### Exercise prompt
Give back the listing in full and exactly, leaving out the images.

### Records for this exercise
------------

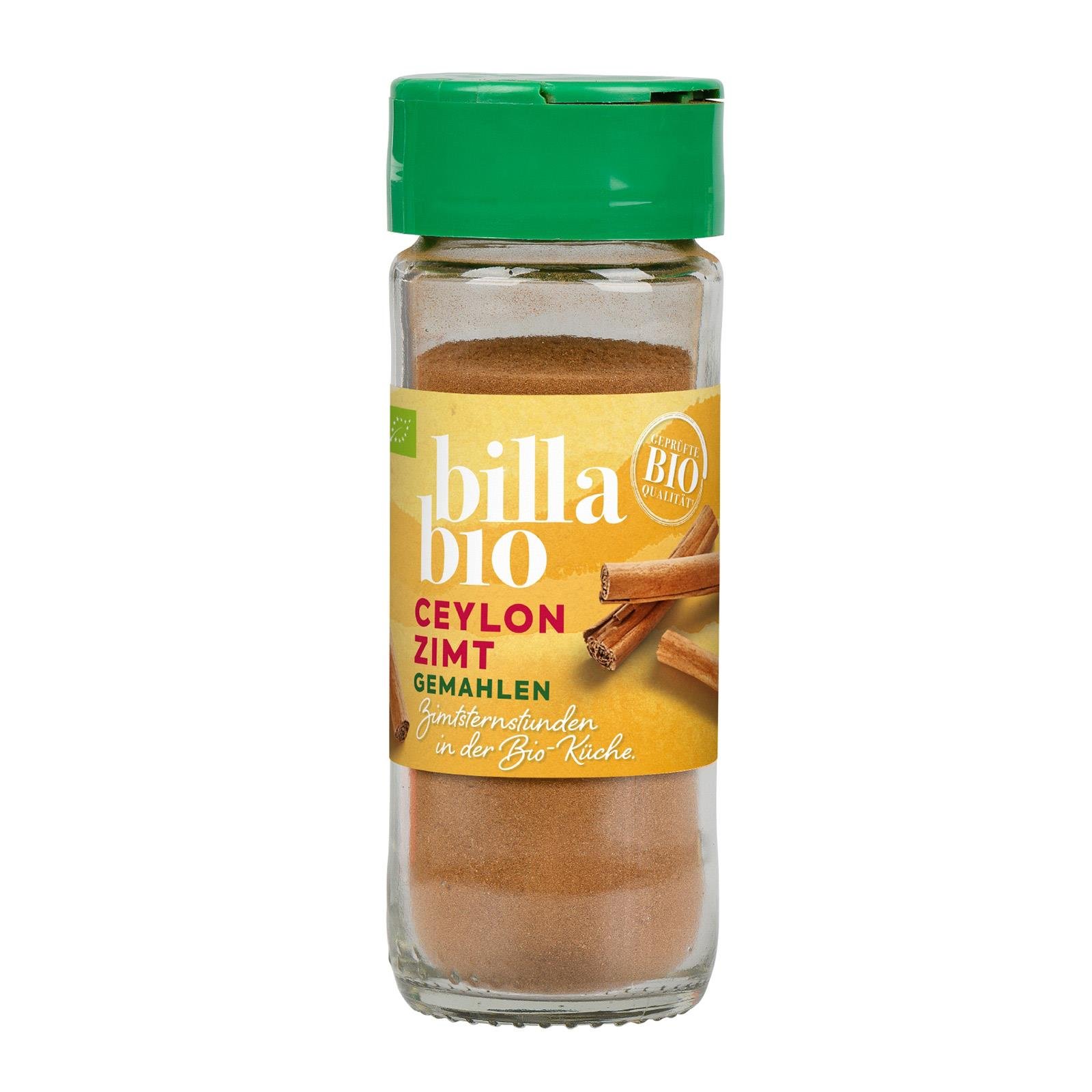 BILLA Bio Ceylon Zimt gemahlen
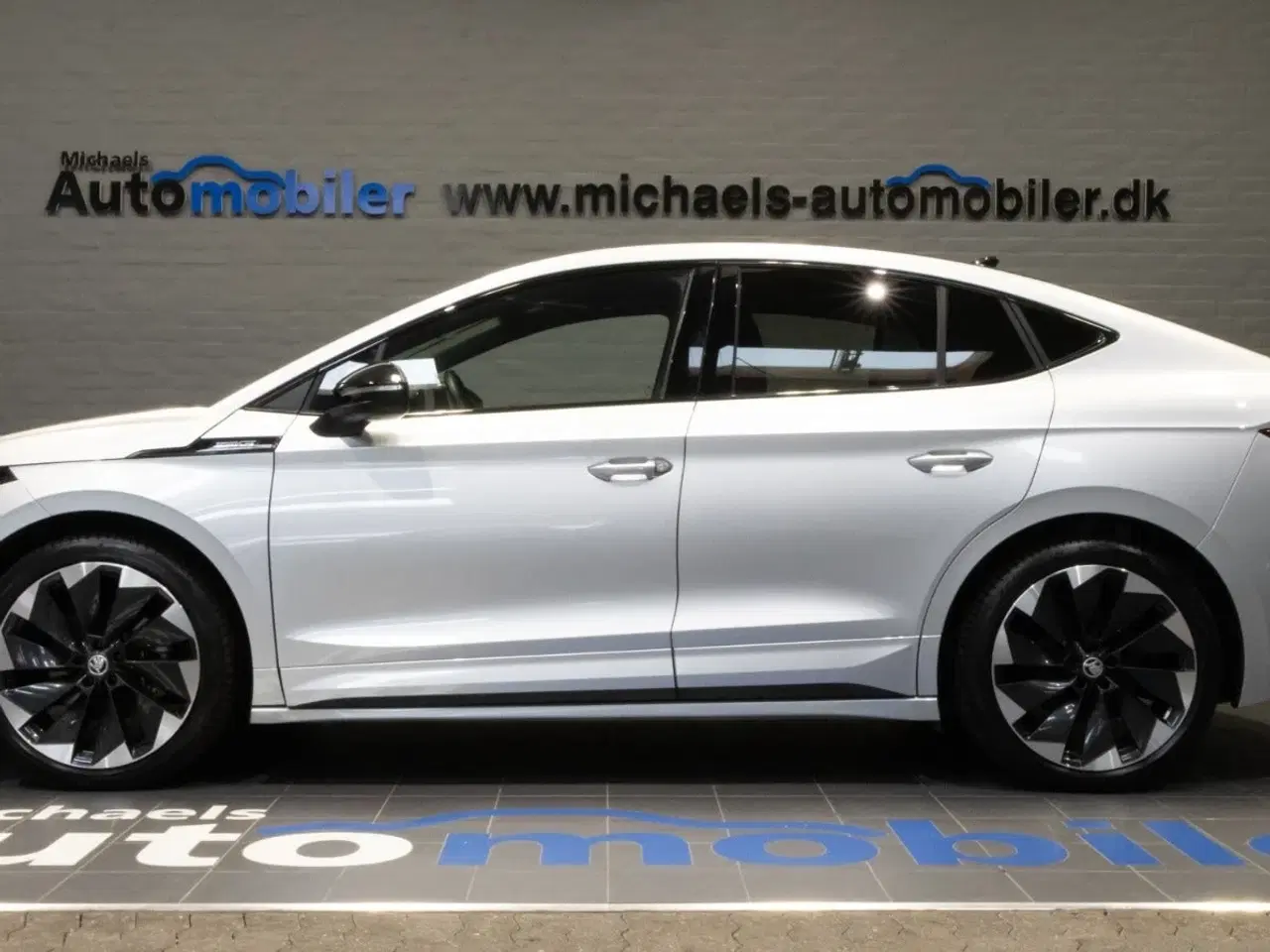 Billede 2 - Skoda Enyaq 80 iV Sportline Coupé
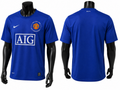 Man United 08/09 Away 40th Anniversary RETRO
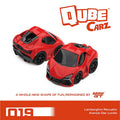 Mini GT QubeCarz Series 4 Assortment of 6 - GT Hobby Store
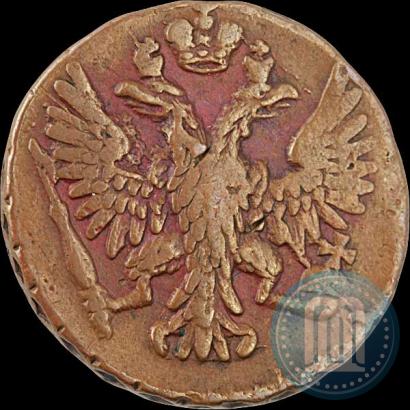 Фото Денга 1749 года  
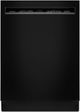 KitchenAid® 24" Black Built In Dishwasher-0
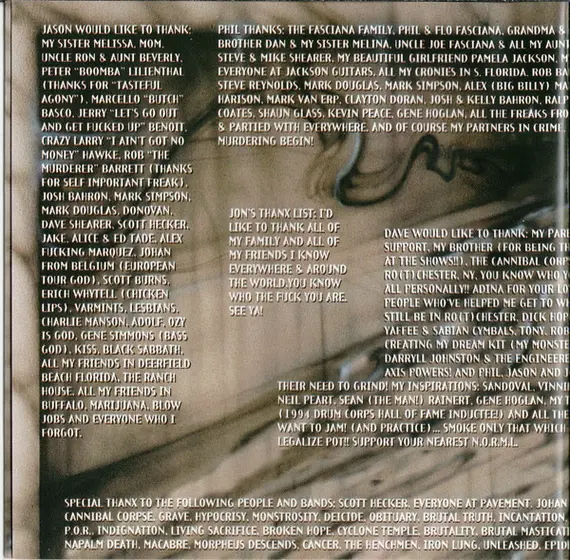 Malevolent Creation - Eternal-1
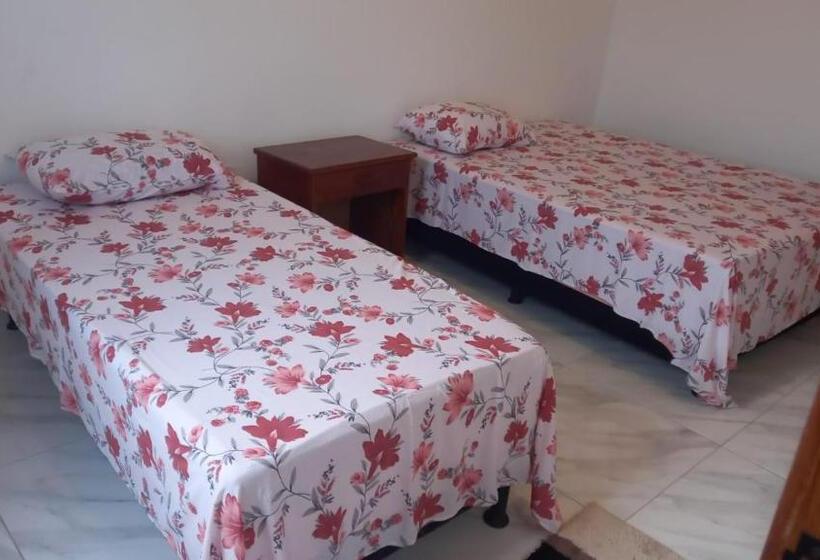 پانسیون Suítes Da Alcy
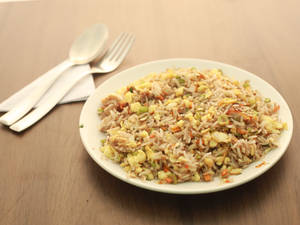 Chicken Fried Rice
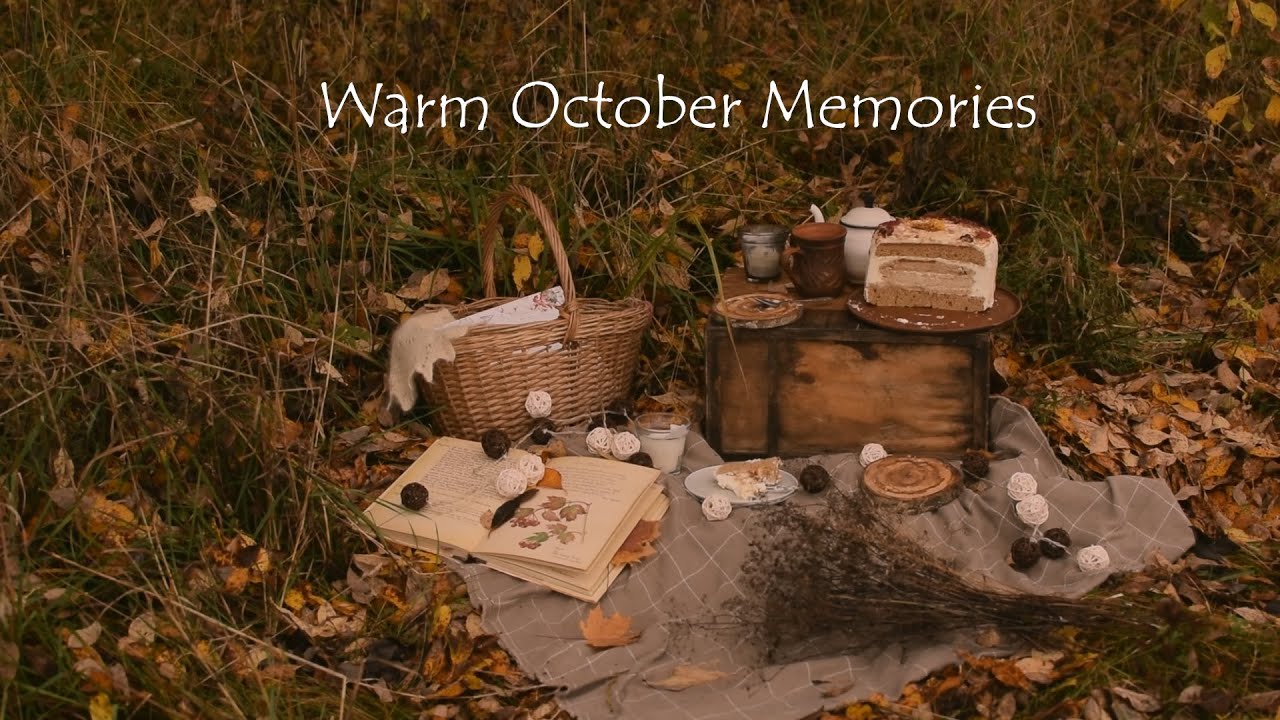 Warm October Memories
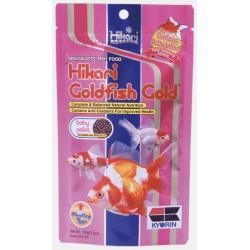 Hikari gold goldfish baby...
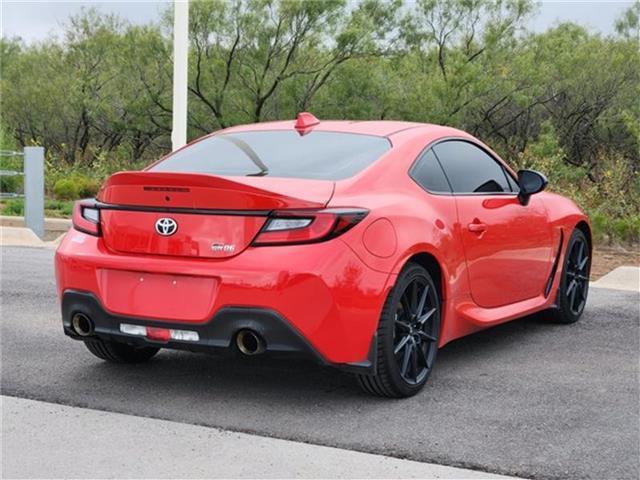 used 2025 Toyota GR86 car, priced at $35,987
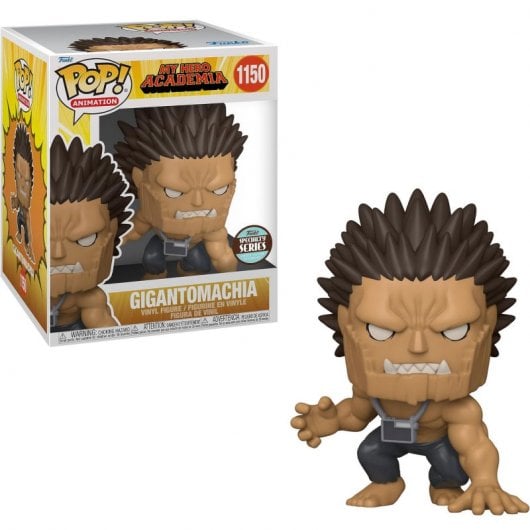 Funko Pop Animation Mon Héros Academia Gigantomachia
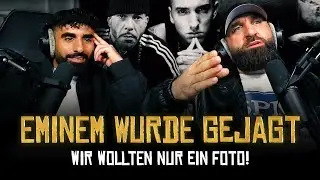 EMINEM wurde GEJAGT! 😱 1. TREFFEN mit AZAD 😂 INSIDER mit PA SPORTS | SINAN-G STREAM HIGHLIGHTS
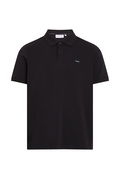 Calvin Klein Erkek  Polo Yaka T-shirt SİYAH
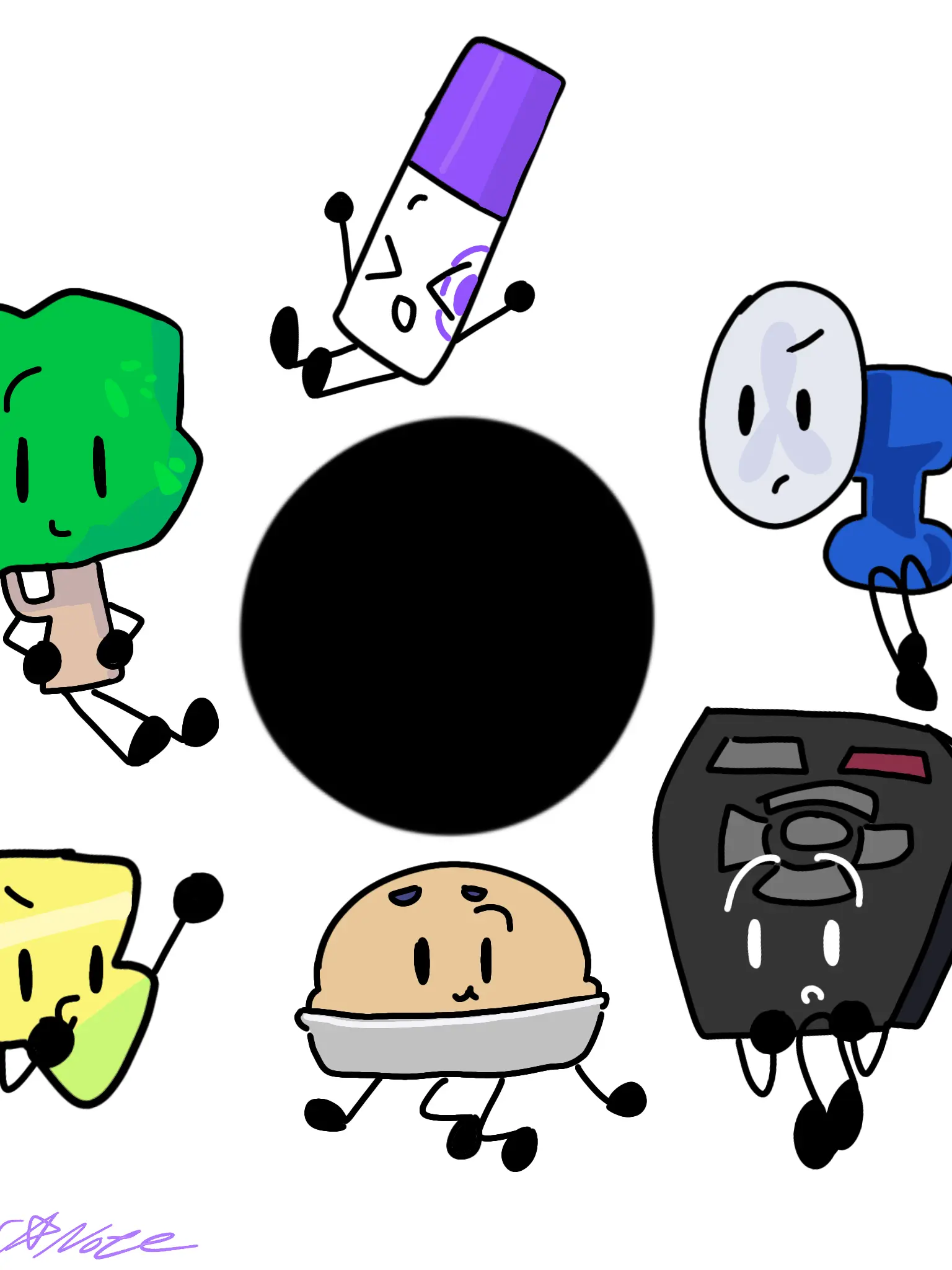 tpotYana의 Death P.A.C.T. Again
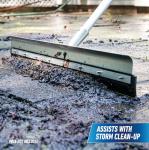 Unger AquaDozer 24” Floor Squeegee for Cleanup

------------

### Task response
 BILLA Bio Ceylon Zimt gemahlen
 Billede 2 - Skoda Enyaq 80 iV Sportline Coupé
 Man United 08/09 Away 40th Anniversary RETRO
 Mini GT QubeCarz Series 4 Assortment of 6 - GT Hobby Store
 Фото Денга 1749 года  
 KitchenAid® 24" Black Built In Dishwasher-0
 Malevolent Creation - Eternal-1
 پانسیون Suítes Da Alcy
 Chicken Fried Rice
 Warm October Memories
 Hikari gold goldfish baby...
 used 2025 Toyota GR86 car, priced at $35,987
 Funko Pop Animation Mon Héros Academia Gigantomachia
 EMINEM wurde GEJAGT! 😱 1. TREFFEN mit AZAD 😂 INSIDER mit PA SPORTS | SINAN-G STREAM HIGHLIGHTS
 Calvin Klein Erkek  Polo Yaka T-shirt SİYAH
 tpotYana의 Death P.A.C.T. Again
 Unger AquaDozer 24” Floor Squeegee for Cleanup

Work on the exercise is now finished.